# Iterables vs. Iterators vs. Generators 

## Let's explore the differences between...
* a container
* an iterable
* an iterator
* a generator
* a generator expression
* a {list, set, dict} comprehension


![alt-text](relationships.png)

## Containers 
* data structures which hold elements
* support membership tests
* live in memory
* typically hold all their values in memory
* e.g., string, list, tuple, set, dict
* an object is a container when it can be asked whether it _contains_ a certain element

In [1]:
1 in [1, 2, 3], 0 in [1, 2, 3]

(True, False)

In [2]:
4 in {4, 5, 6}, 1 in {4, 5, 6}

(True, False)

In [3]:
44 in ('Obama', 'Barack', 44, 2008, 'left')

True

In [4]:
# for dicts, membership checks the keys, not the values
44 in { 43: 'Bush', 44: 'Obama'}, 'Bush' in { 43: 'Bush', 44: 'Obama' }

(True, False)

In [5]:
'J' in 'Steve Jobs', 'Job' in 'Steve Jobs', 'Jobs' not in 'Carlos Jobim'

(True, True, True)

## Iterables
* any object, not necessarily a data structure, that can return an iterator (with the purpose of returning all of its elements)
* the `__iter__()` function returns an iterator
    * ...therefore, any object which has the `__iter__()` method is an iterable
* most containers are also iterable
* many more things are iterable as well (e.g., open files, open sockets, etc.)

In [6]:
mylist = [1, 2, 3]
iter1 = iter(mylist)
print(type(iter1))
iter2 = mylist.__iter__() # iter() maps to __iter__()
print(type(iter2))
next(iter1)

<class 'list_iterator'>
<class 'list_iterator'>


1

In [7]:
iter1.__next__() # next() maps to __next__()
#next(iter1)

2

In [8]:
next(iter1)

3

In [9]:
next(iter1)

StopIteration: 

In [10]:
next(iter2)

1

In [11]:
type(mylist), type(iter1), type(iter2)

(list, list_iterator, list_iterator)

In [12]:
# a list is iterable, but it is not its own iterator
next(mylist)

TypeError: 'list' object is not an iterator

In [13]:
iter(mylist) is mylist

False

In [16]:
mylistiter = iter(mylist)
print('%x %x' % (id(mylist), id(mylistiter)))

7fb0e67a4280 7fb0e6799fd0


In [17]:
iter(mylistiter) is mylistiter

True

## When we write...
`mylist = [1, 2, 3]
for x in mylist:
    ...`
## ...this is what happens

![alt-text](iterable.png "iterable")

## We can see this by disassembling the Python code...

In [18]:
import dis
mylist = [1, 2, 3]
total = 0
dis.dis('for item in mylist: total += item')

  1           0 SETUP_LOOP              20 (to 22)
              2 LOAD_NAME                0 (mylist)
              4 GET_ITER
        >>    6 FOR_ITER                12 (to 20)
              8 STORE_NAME               1 (item)
             10 LOAD_NAME                2 (total)
             12 LOAD_NAME                1 (item)
             14 INPLACE_ADD
             16 STORE_NAME               2 (total)
             18 JUMP_ABSOLUTE            6
        >>   20 POP_BLOCK
        >>   22 LOAD_CONST               0 (None)
             24 RETURN_VALUE


## So what is an iterator?
* a stateful object that produces the next value when you call __`next()`__ on it
* any object that has a __\_\_`next`\_\_()__ method is therefore an iterator
* how it produces a value is irrelevant
* in other words, an iterator is a value factory
 * each time you ask it for "the next" value, it knows how to compute it because it holds internal state

In [19]:
# let's see how an iterator works...
mylist = [13, 46, -3, 'Go!']
myiter = iter(mylist) # get the list iterator

try:
    while True:
        val = next(myiter)
        print(val, end=' ')
except StopIteration:
    print('Stop!')

13 46 -3 Go!

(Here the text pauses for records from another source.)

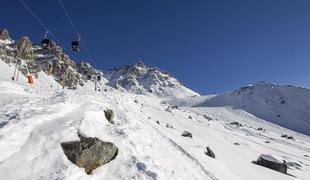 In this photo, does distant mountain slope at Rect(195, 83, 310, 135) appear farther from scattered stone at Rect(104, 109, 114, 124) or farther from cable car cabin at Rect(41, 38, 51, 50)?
scattered stone at Rect(104, 109, 114, 124)

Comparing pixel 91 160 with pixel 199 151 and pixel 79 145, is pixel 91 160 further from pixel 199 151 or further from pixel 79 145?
pixel 199 151

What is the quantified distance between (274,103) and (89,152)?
11912 centimetres

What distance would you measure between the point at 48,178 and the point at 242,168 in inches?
477

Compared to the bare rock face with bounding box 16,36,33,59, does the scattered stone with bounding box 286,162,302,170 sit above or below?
below

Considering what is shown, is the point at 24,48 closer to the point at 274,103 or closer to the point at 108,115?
the point at 274,103

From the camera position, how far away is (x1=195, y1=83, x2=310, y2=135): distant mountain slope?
101562 mm

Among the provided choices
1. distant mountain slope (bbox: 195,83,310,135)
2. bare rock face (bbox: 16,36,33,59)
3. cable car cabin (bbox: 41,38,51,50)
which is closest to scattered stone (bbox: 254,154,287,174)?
cable car cabin (bbox: 41,38,51,50)

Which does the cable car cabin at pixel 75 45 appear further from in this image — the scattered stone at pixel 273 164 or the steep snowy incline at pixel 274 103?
the steep snowy incline at pixel 274 103

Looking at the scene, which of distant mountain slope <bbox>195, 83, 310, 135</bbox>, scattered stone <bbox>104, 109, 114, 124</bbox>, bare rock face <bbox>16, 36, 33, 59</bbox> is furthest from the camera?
bare rock face <bbox>16, 36, 33, 59</bbox>

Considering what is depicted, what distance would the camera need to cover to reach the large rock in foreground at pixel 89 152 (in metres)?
10.8

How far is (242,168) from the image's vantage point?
1789 cm

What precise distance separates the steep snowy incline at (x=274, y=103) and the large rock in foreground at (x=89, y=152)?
89.1m

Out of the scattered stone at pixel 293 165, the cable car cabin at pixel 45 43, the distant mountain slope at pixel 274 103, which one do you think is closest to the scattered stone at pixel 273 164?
the scattered stone at pixel 293 165

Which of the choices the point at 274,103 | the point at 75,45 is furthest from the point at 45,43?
the point at 274,103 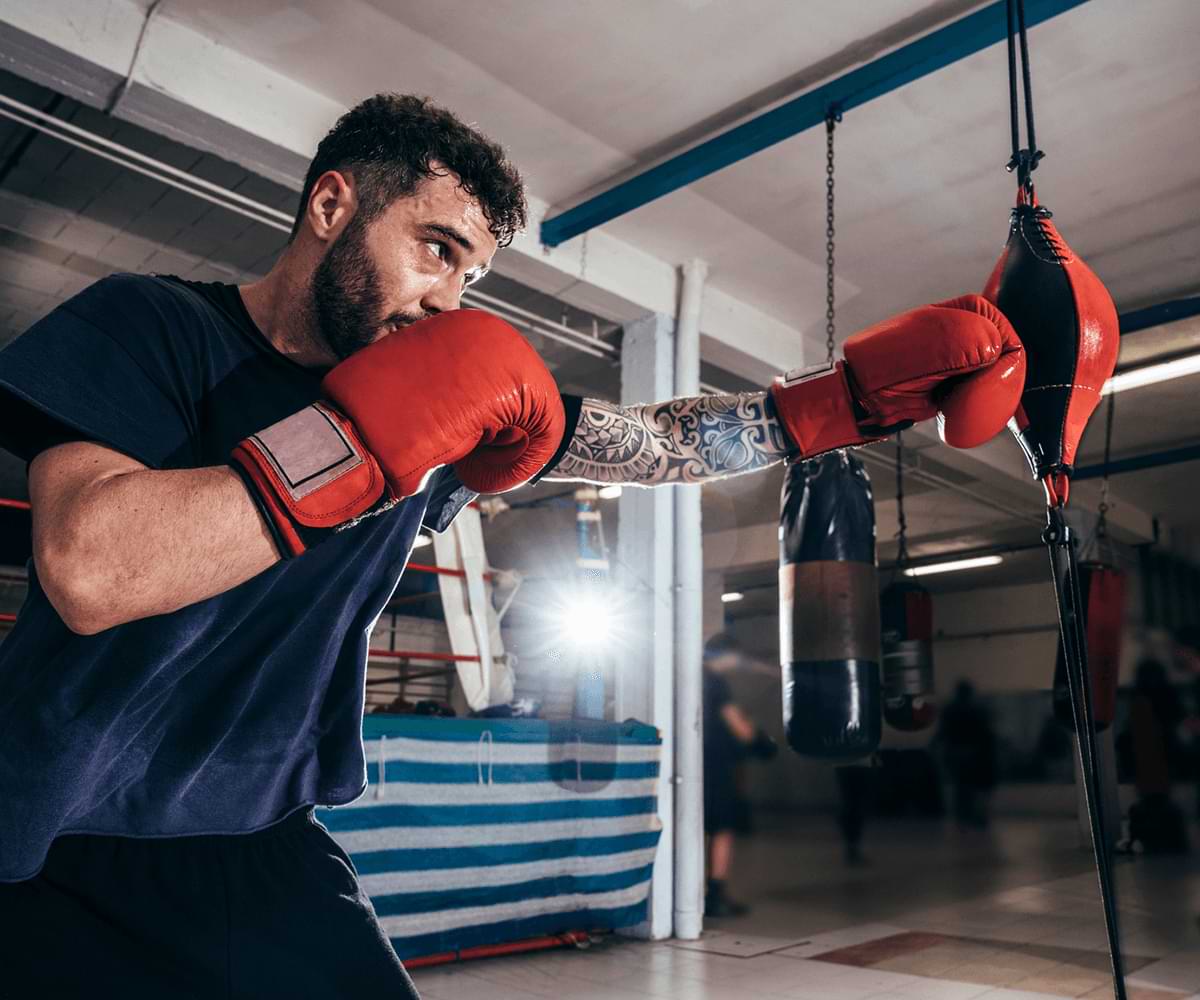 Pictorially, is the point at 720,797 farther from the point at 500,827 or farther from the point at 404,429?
the point at 404,429

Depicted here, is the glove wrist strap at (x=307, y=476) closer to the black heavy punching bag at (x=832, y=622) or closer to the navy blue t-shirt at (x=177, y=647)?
the navy blue t-shirt at (x=177, y=647)

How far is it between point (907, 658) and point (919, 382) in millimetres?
4729

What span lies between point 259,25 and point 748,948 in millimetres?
4328

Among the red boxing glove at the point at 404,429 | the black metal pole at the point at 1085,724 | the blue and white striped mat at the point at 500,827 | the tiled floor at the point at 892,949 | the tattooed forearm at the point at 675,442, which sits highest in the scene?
the tattooed forearm at the point at 675,442

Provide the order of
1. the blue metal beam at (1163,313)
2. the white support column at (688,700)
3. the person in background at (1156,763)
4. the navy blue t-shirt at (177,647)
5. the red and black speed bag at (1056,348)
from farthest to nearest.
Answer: the person in background at (1156,763) → the blue metal beam at (1163,313) → the white support column at (688,700) → the red and black speed bag at (1056,348) → the navy blue t-shirt at (177,647)

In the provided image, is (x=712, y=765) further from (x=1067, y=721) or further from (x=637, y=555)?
(x=1067, y=721)

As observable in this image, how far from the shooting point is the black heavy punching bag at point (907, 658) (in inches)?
222

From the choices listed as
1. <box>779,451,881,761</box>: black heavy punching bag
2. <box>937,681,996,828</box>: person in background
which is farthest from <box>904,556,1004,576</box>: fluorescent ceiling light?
<box>779,451,881,761</box>: black heavy punching bag

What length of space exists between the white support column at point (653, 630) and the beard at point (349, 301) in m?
3.78

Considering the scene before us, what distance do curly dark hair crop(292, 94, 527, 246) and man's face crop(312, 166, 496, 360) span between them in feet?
0.06

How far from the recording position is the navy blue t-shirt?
0.90 meters

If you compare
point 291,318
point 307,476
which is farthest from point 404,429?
point 291,318

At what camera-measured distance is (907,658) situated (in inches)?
231

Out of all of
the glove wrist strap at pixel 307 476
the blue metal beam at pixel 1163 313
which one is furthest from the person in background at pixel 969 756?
the glove wrist strap at pixel 307 476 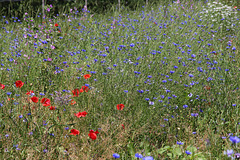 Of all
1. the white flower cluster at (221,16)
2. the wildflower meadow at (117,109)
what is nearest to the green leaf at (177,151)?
the wildflower meadow at (117,109)

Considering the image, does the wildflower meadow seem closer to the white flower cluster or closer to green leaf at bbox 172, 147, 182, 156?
green leaf at bbox 172, 147, 182, 156

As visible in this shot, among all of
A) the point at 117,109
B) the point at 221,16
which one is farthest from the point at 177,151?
the point at 221,16

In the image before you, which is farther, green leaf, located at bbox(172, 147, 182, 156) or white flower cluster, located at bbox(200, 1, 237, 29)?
white flower cluster, located at bbox(200, 1, 237, 29)

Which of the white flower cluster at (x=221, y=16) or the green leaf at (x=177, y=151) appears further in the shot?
the white flower cluster at (x=221, y=16)

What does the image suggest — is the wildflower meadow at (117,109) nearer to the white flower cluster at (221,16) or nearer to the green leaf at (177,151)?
the green leaf at (177,151)

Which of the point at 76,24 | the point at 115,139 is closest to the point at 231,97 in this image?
the point at 115,139

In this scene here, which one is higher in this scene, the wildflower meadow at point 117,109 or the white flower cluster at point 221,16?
the white flower cluster at point 221,16

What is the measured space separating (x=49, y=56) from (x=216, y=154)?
2.13 meters

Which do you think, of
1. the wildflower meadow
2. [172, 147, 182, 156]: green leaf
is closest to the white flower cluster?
the wildflower meadow

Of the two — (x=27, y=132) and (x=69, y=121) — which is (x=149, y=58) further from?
(x=27, y=132)

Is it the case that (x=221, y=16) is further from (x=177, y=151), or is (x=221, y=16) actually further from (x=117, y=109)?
(x=177, y=151)

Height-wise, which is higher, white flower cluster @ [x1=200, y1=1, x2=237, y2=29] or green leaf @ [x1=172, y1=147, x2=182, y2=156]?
white flower cluster @ [x1=200, y1=1, x2=237, y2=29]

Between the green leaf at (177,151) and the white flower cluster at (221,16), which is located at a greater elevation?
the white flower cluster at (221,16)

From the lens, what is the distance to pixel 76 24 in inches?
214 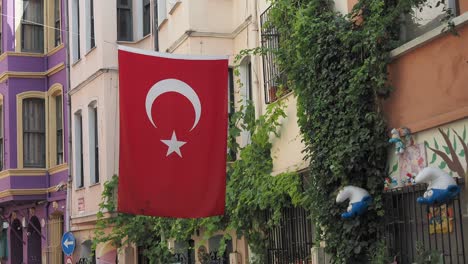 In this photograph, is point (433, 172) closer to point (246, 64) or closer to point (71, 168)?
point (246, 64)

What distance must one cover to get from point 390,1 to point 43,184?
60.4 feet

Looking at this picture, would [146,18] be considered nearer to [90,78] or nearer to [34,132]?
[90,78]

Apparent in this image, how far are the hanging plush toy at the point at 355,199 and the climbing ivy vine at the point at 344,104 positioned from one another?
0.34 feet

Stop!


## Let's build our own iterator!

In [20]:
class Fibonacci():
    def __init__(self):
        self.prev = 0
        self.curr = 1

    def __iter__(self):
        return self

    def __next__(self):
        """ 
        each call to next() does two important things:

        1. modify its state for the subsequent next() call
        2. produces a result for the current call
        """
        value = self.curr
        self.curr += self.prev
        self.prev = value
        if value > 1000:
            raise StopIteration
        return value

# Note that this class is both an iterable due to __iter__()
# method and its own iterator, due to __next__() method!

f = Fibonacci()
print(next(f), next(f), 'before the for loop')

for num in f:
    print(num, end=' ')

1 1 before the for loop
2 3 5 8 13 21 34 55 89 144 233 377 610 987 

In [None]:
fib = Fibonacci()
for num in fib:
    print(num, end=' ')

## Lab: Iterators

Write your own iterator class which takes an iterable and each time it's invoked, it returns a *random* element. The iterator should stop (i.e., __`raise`__ the __`StopIteration`__ exception) when it has returned all elements of the iterable.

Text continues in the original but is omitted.